→ INPUT DATA:

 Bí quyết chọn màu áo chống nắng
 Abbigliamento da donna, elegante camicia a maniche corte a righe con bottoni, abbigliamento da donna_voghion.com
* * *
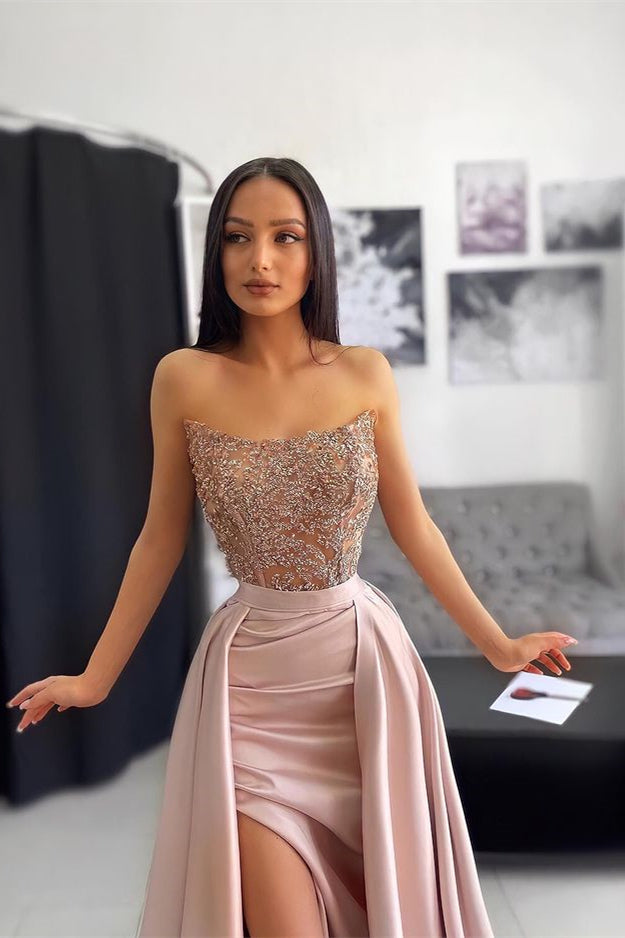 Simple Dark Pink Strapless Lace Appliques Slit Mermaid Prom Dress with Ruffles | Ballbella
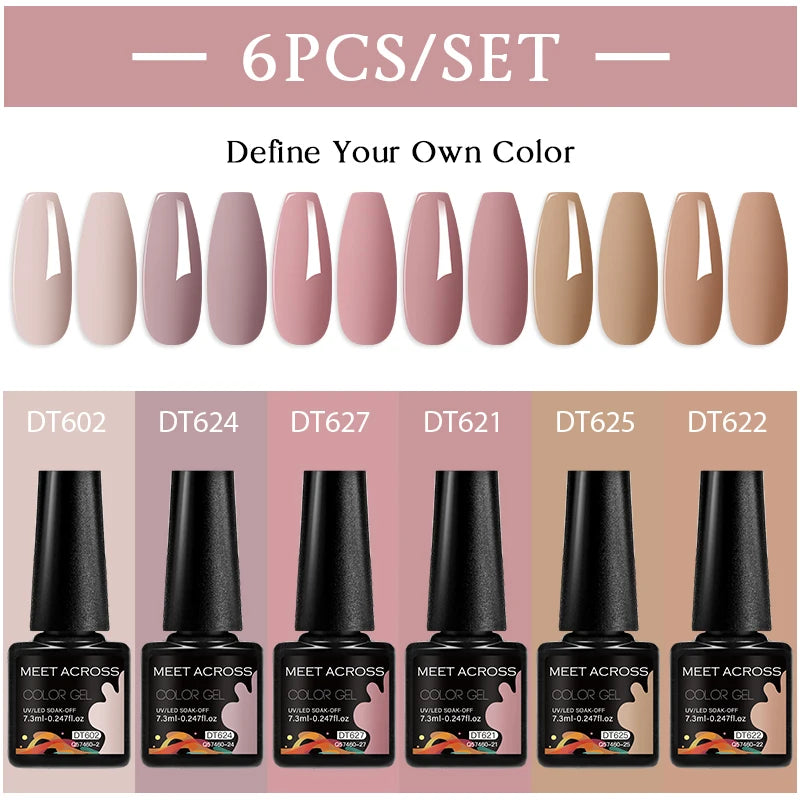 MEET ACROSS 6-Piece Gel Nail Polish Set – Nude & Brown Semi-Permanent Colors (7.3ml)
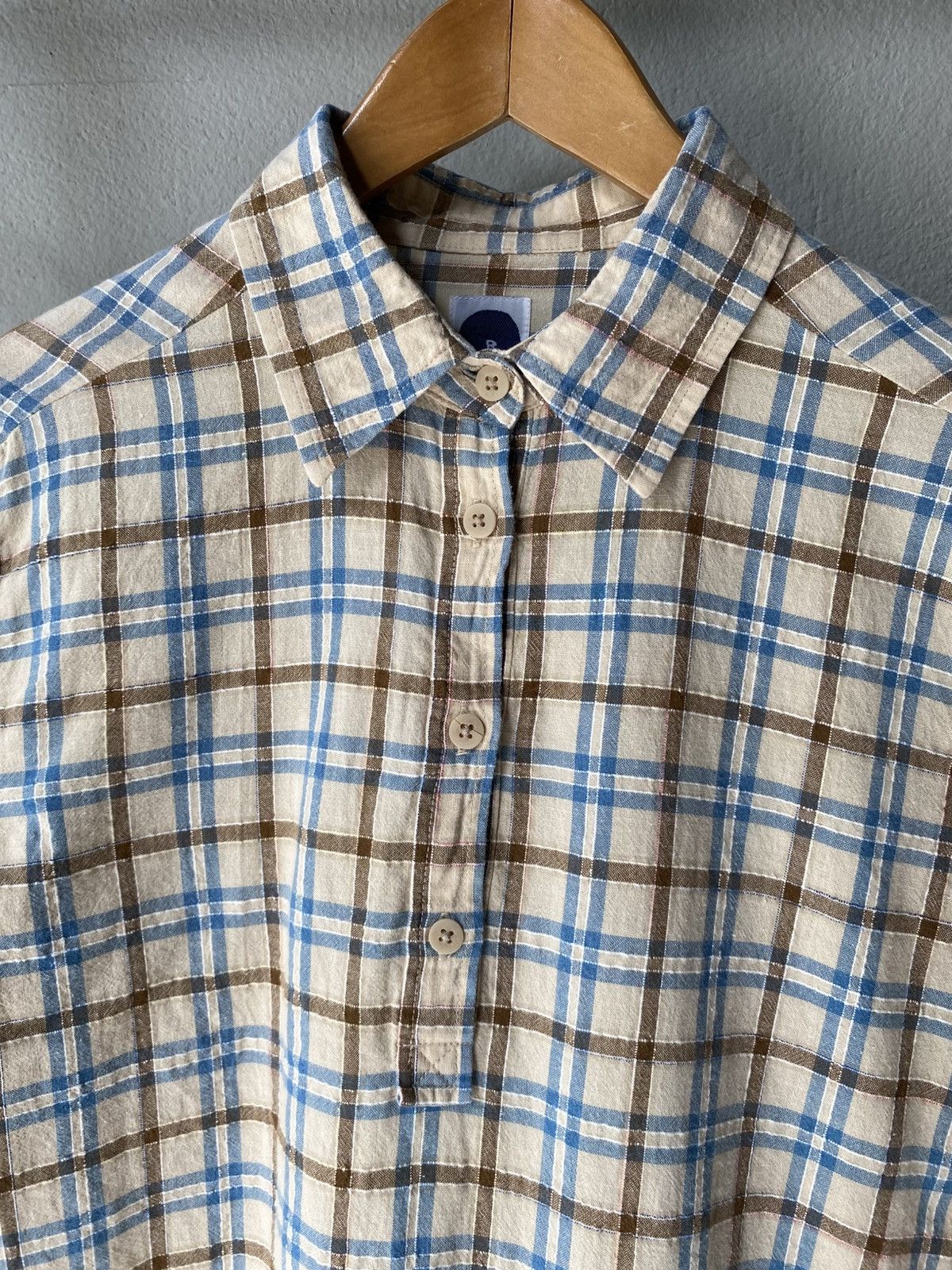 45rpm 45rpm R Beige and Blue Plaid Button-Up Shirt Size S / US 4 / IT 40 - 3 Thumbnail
==
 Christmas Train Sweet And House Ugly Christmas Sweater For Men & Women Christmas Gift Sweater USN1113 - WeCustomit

→ PROMPT:
All that is wanted is a faithful reproduction of the line above with "Bí quyết chọn màu áo chống nắng", the line with "Abbigliamento da donna, elegante", and every line in between.

→ ANSWER TO THIS PROBLEM:
 Bí quyết chọn màu áo chống nắng
 Abbigliamento da donna, elegante camicia a maniche corte a righe con bottoni, abbigliamento da donna_voghion.com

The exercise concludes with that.